There are only going to be another 3M jobs created before the top and the descent into the next recession (which will lead to another round of ‘never let a crisis go to waste’ and more Cloward-Piven destruction of human capital, by design).
Rip van Winkle,
Wake me when we get to full-time private sector employment per capita that again reaches the levels of the late ’90s.
That will never happen. The left has succeeded in its goal of destroying human capital. As I describe above, full employment will now be reached at 6.5%. That is still lower than Europe, where leftist Cloward-Piven destruction has been even more successful.
Darren: I am amazed at the many things you definitively “know”. Weren’t you the person who stated (12/3 10:52 PM) “The only Asians who will ever rise to high elected office are going to be Republicans, for this reason of merit vs. vote bank value. The operative word is ELECTED office.”? If so, I will have to tell Ambassador Locke, formerly Governor of Washington state, “it was all a dream”. (By the way, would it kill you to google to find out if the factoids you state with such certitude are even remotely related to the truth?)
Menzie,
That is a pretty well-known reason why Asians tend to have an immature understanding of politics. They are the only group that votes against their own interest in voting for high-tax leftism.
In fact, you are who I think of as the primary example of this.
Gary Locke hardly counts – he changed even his last name to an Anglicized one, something almost no Chinese do. If he kept his Chinese surname, he would not have risen to elected office in the Democratic Party.
I see that you dodged the irrefutable points about Bobby Jindal and Nimrata Haley as two current governors of Deep South states.
I am amazed at how easily and blithely you ignore irrefutable facts. Do Governors Jindal and Haley even exist, in Menzie-world?

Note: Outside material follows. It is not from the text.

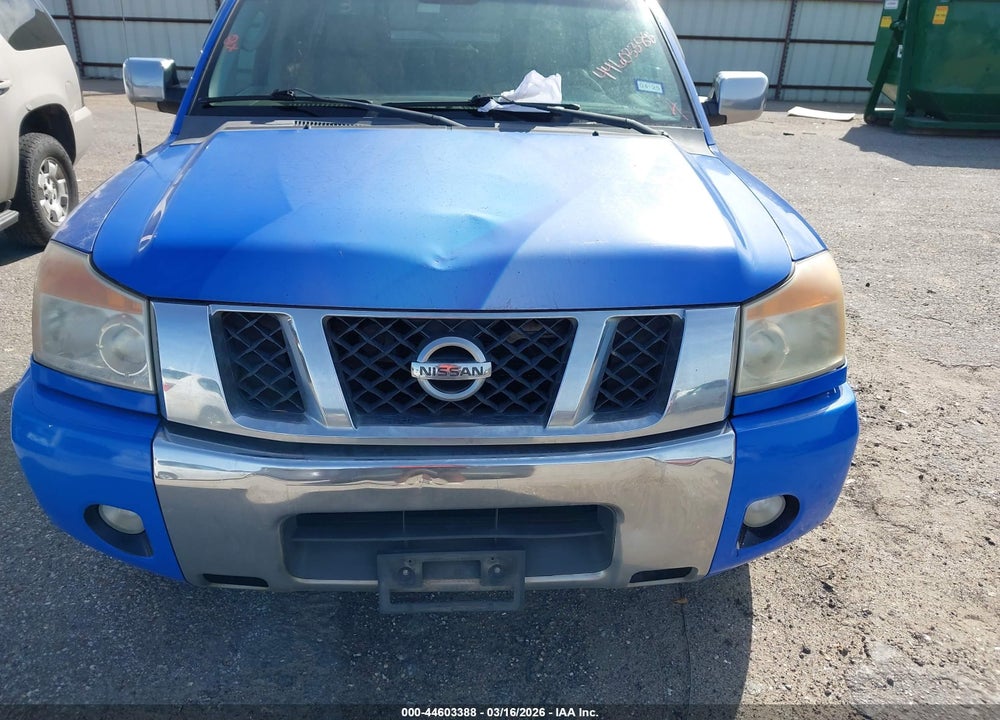2009 NISSAN TITAN LE VIN: 1N6BA07D19N301727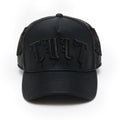 Cult X El Alfa Logo 5 Panel A Frame Trucker Hat 'Flower"- Blk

Darren: You said the only Asians to rise to elected office were going to be Republicans. I then provided one counter-example, who you then dismissed, because he “Anglicized” his name.
I will also note that you are exceedingly ignorant if you think “Locke” is Anglicized. It is as Anglicized as “Chinn” is.
I’m more positive on the employment report than most. It looks like over the last two years the Household Survey has lagged the Establishment Survey in terms of new jobs created. Over the last three months, the Establishment Survey has shown an addition of 473,000 jobs while the Household Survey has been essentially flat, which is why the unemployment rate has moved up. If the pattern repeats and we get a jump in the Household jobs number in the next few months, unemployment will move down accordingly.
You can see the data on my blog (shameless plug) here.
Simulus idea
Tax economists who make false predictions and use the money to stimulate the economy.
IE tax the economists who said the stimulus would keep unemployement below 8%.
Tax the economists who said the “affordable” health care act would make health care affordable.